- Eastern Gateway Community College will in fact offer a free college program this fall, it said less than a week after closing enrollment in the initiative and telling students they shouldn't plan to receive funding from federal Pell Grants because of U.S. Department of Education concerns.
- The public institution in Ohio learned Monday afternoon it will be able to disburse Pell funding and run the Free College Benefit program, it said in a news release.
- Eastern Gateway's president, Michael Geoghegan, is still scheduled to meet with Ed Department officials Wednesday to discuss recent allegations that the free college program violates federal law by charging students who receive Title IV federal financial aid funding more than students who do not.
Eastern Gateway operates two campuses, in Steubenville and Youngstown. It has positioned the Free College Benefit program as a last-dollar initiative made possible through partnerships with local and national unions. Last-dollar programs draw from other sources of available funding before contributing money toward students' education.
Last week, the Ed Department said the college must stop offering the program. It said Pell Grants — which go to students with high financial need — were being credited to students' bills.
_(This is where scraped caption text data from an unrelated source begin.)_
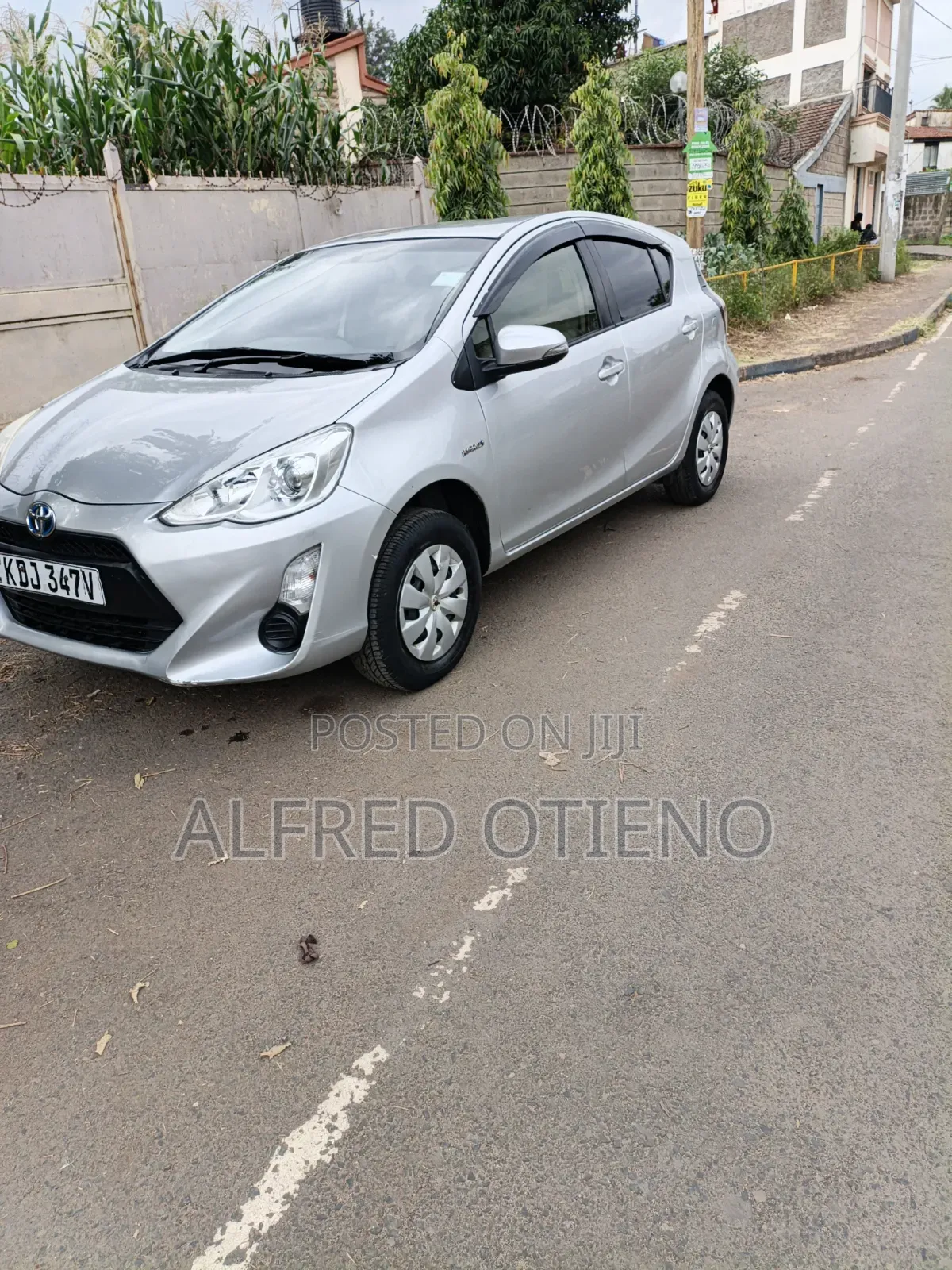 Toyota Aqua 2015 Silver
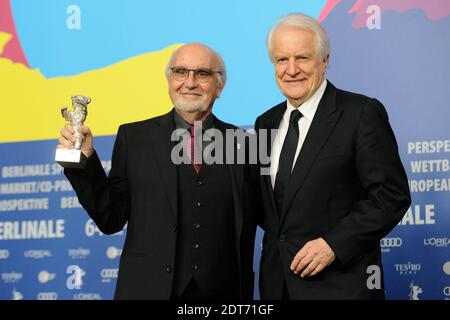 Der französische Schauspieler Andre Dussolier und Jean-Louis Livi posieren mit der Bärentrophäe nach der Übernahme des Alfred-Bauer-Preises für einen Spielfilm, der neue Perspektiven eröffnet, anstelle des französischen Regisseurs Alain Resnais (nicht im Bild), der während der 64. Berlinale an der Gewinnerpressekonferenz teilnimmt, Internationale Filmfestspiele Berlin in Berlin, Deutschland, am 15. Februar 2014. Foto von Aurore Marechal/ABACAPRESS.COM Stockfoto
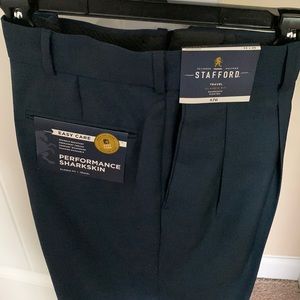Stafford travel classic fit sharkskin pleated pants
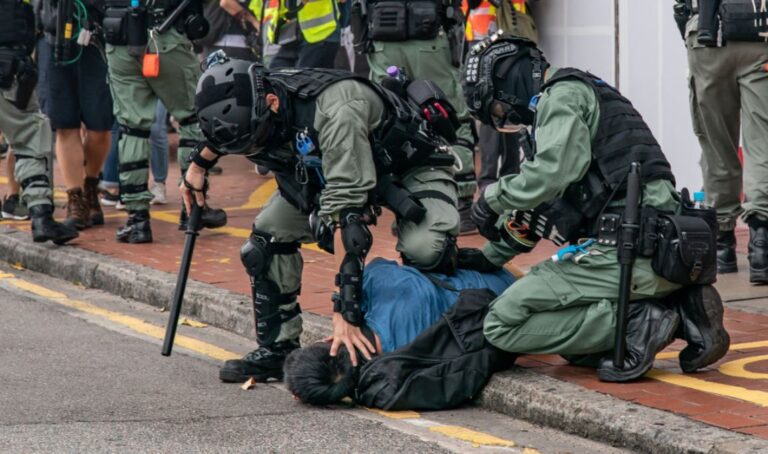 港警暴力「曡羅漢」壓人 醫管局：一女子命危（視頻）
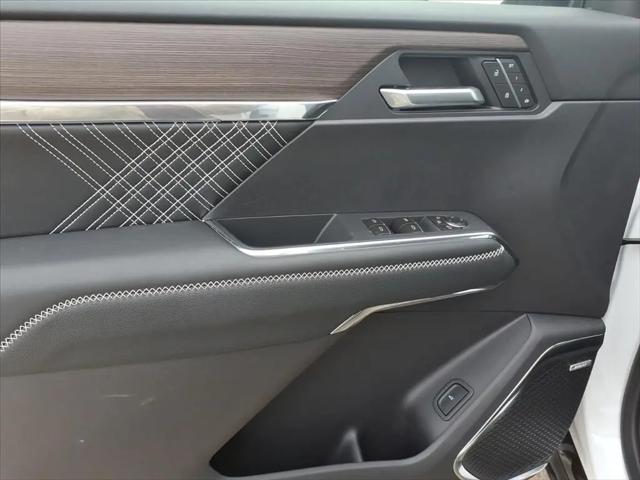 2026 GMC Acadia Denali AWD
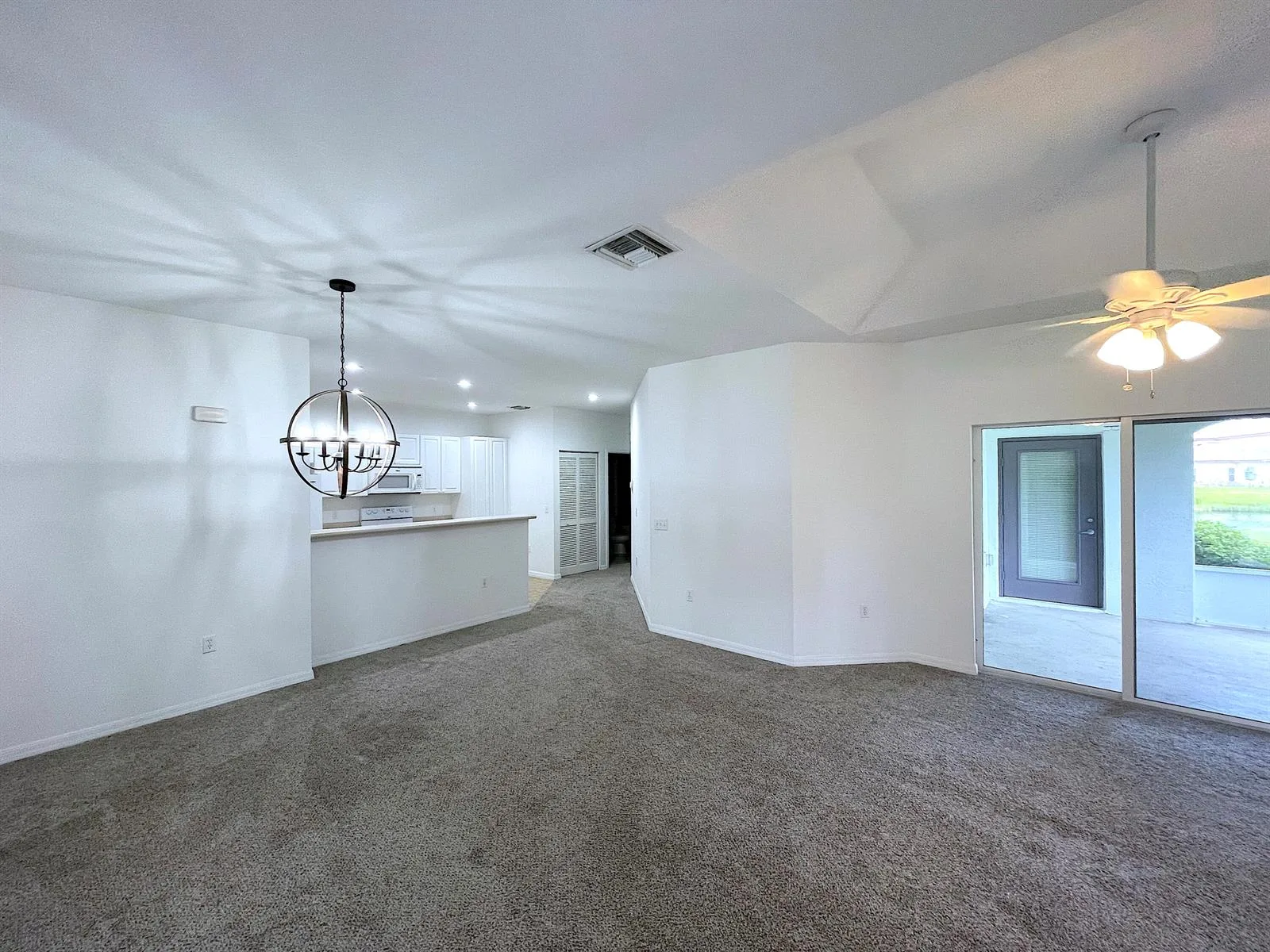 1771 Lakefront Boulevard, Fort Pierce, FL 34982 photo 2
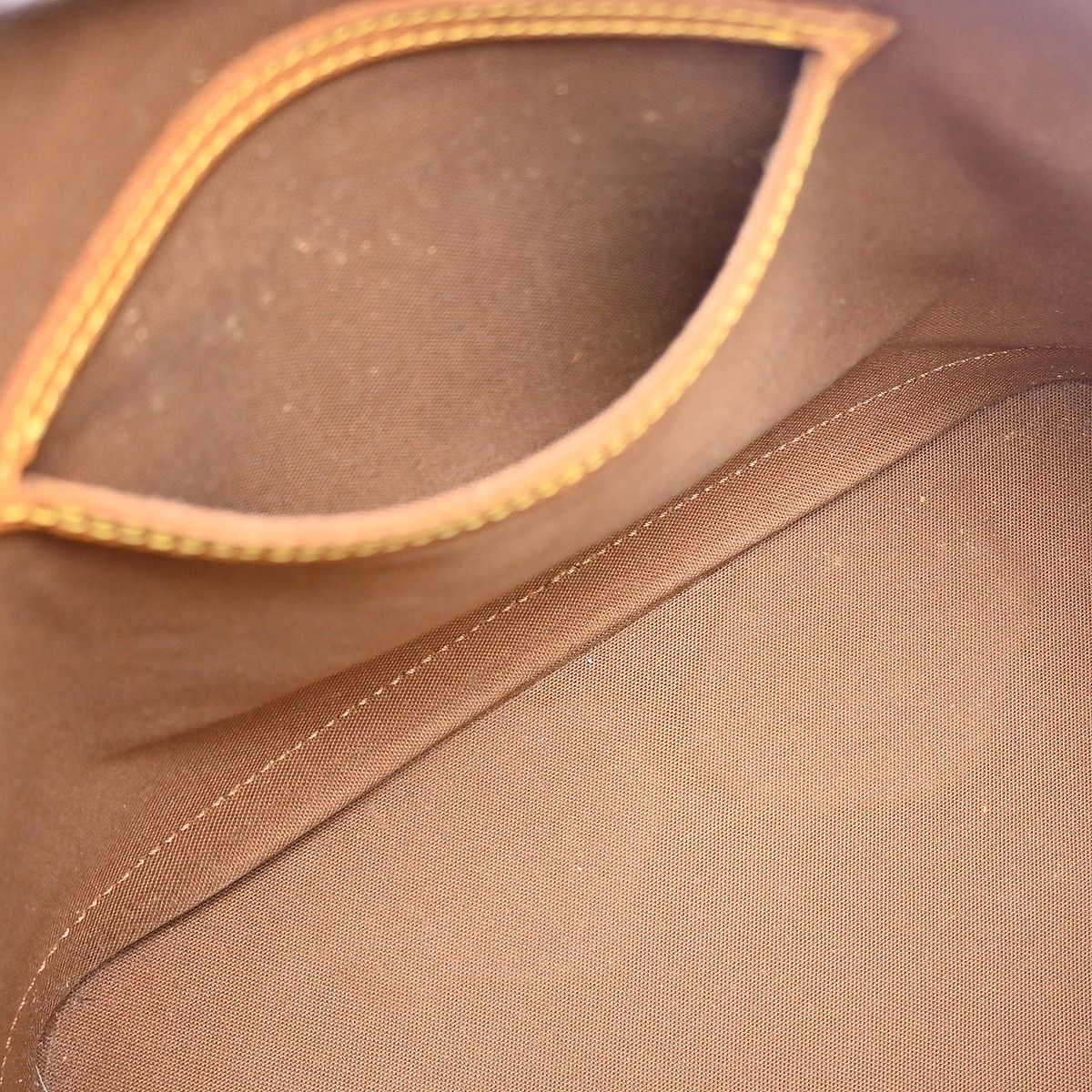 Louis Vuitton Louis Vuitton Alma Handbag Monogram Canvas Size ONE SIZE - 14 Thumbnail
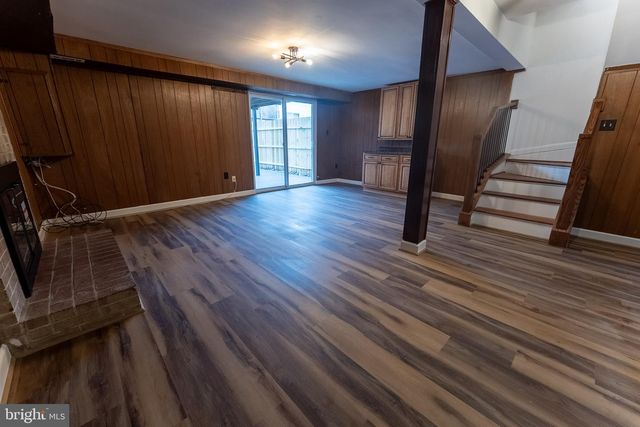 7426 RHONDDA DR, Lorton, VA 22079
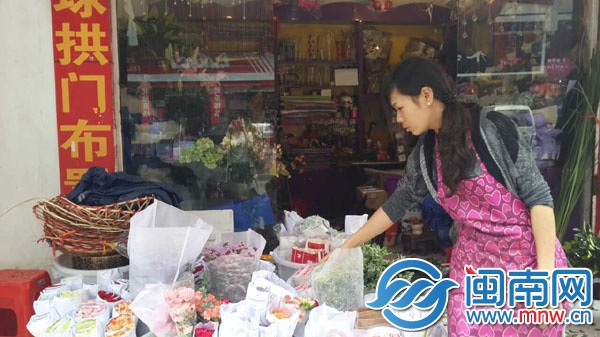 明天就是母亲节，花店迎来最忙碌的时刻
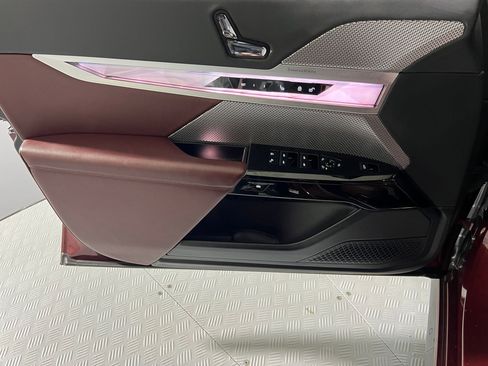 Certified 2023 BMW 760i xDrive w/ Executive Package image 22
Then remaining charges were recorded as paid for by scholarships. The college also zeroed out bills for students who were not receiving Pell funding.
But the Ed Department said it found little scholarship funding coming from outside entities.
"EGCC is merely waiving/writing off all non-Pell/state grant charges on student accounts, and falsely making it appear that the students are being funded by outside entities," the Ed Department said in a July 18 letter. "Essentially, under this program, students who receive Pell funding are being charged for the program, but students not receiving Pell are not."
Eastern Gateway responded with its own letter, saying the Ed Department's stance suggested institution-funded scholarships are not allowed. The community college argued laws and regulations do not require scholarships to be funded by public money instead of institutional dollars.
"EGCC’s program does not charge a higher amount for Pell recipient students," said the college's letter, signed by Geoghegan, the president. "The tuition and fees are the same for both populations, and EGCC’s program simply ensures that all students can attend college free of charge, regardless of their Pell eligibility."
Eastern Gateway's fall classes start Aug. 15. Over 75,000 students have enrolled under the free college program since 2015, the college has said.
The Ed Department did not respond to a request for comment Tuesday. Eastern Gateway promised additional updates after Wednesday's meeting.